We many never have had the tentacles of the white supremacist patriarchy spanning the entire globe, regulating gender along a binary and fostering rape culture.

We may never have had carceral forms of justice that render certain people disposable.

And the Earth’s lands, skies, and water definitely wouldn’t be irrevocably devastated.

But it makes sense why many of those who are committed to social justice subscribe to the same language of rationalism as their oppressors. Marginalized folks are taught from infancy that they need to behave in a respectable manner to be treated with decency. We face so much violence, to the point where the violence becomes the norm and our resistance is what feels extreme.

We’re painted as aggressors even when we are consistently the victims. The media treats Black victims worse than white killers. People see trans and gender non-conforming people in bathrooms as threats rather than as targets of abuse.

When we are told repeatedly that everything we do is an attack, we internalize the idea that we need to quiet ourselves, to take up less space. And so we begin to limit ourselves to tactics of resistance that are easy to digest — and we create those limits under the guise of being rational.

Not only is this urge to be rational holding us back, it unintentionally validates the logic of white supremacy as natural and positions the desire to fight oppression as excessive and outrageous.

For those of us who are trying to burn the colonial project to the ground and build a new world, we have to stop placing limits on ourselves in a world that is already at our throats.

Abolitionists, those who are invested in abolishing police, prisons, the settler colonial nation-state, cannot afford to be held back by what is deemed rational. In fact, rationalism has no place in abolitionism.

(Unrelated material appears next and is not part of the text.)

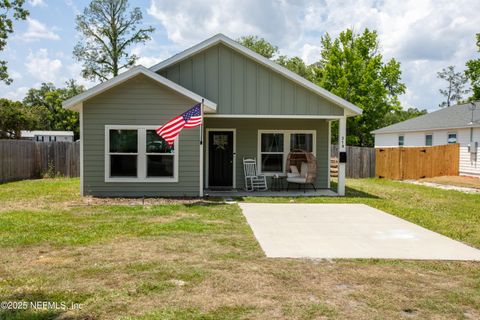Single Family Residence in Lake Butler FL 319 NW NINTH Avenue.jpg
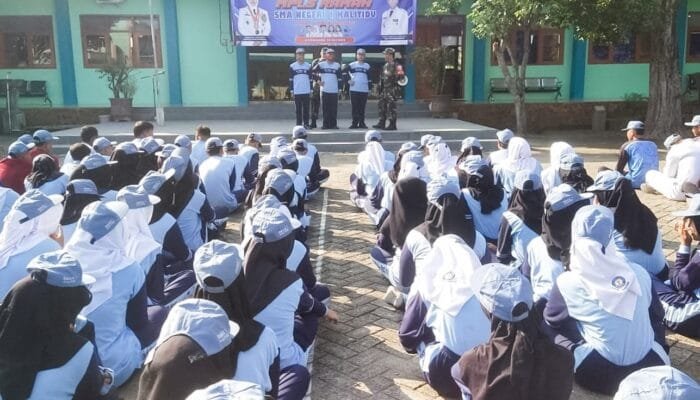 TNI Latih Ratusan Siswa di MPLS Bojonegoro, Ini Aksinya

This is not to say that there are many roles to be filled among those who resist, none of which should be placed in a hierarchy of value. People come from different places of knowledge, ability, and history which makes each person equipped to participate (if they so choose) based on their unique position in society.

But when those who are the loudest, the most disruptive — the ones who want to destroy America and all of the oppression it has brought into the world — are being silenced even by others in social justice groups, that is unacceptable.

Pushing the boundaries of how we can shape our resistance beyond what’s rational is urgent and necessary.

And here are three reasons why.

1. Being Rational Has No Inherent Value

When I talk about abolition, whether that be of prisons, immigrant detainment centers, the police, or the government, I am instantly derailed by strangers and even friends. They tell me that it isn’t rational.

They say this as if everyone seeks to be rational, as if prisons, themselves — which have grown more than 400 percent since 1970 and which has predominantly impacted communities of color, especially Black and Indigenous communities — are rational. As if being rational has indisputable value.

At first, I took their reactions to heart. I thought maybe being rational really is necessary if I wanted to achieve my goals of eradicating oppression.

If I’m not rational, then I must not be thinking correctly, which makes me incompetent and unqualified to even have political opinions.

Or so I thought.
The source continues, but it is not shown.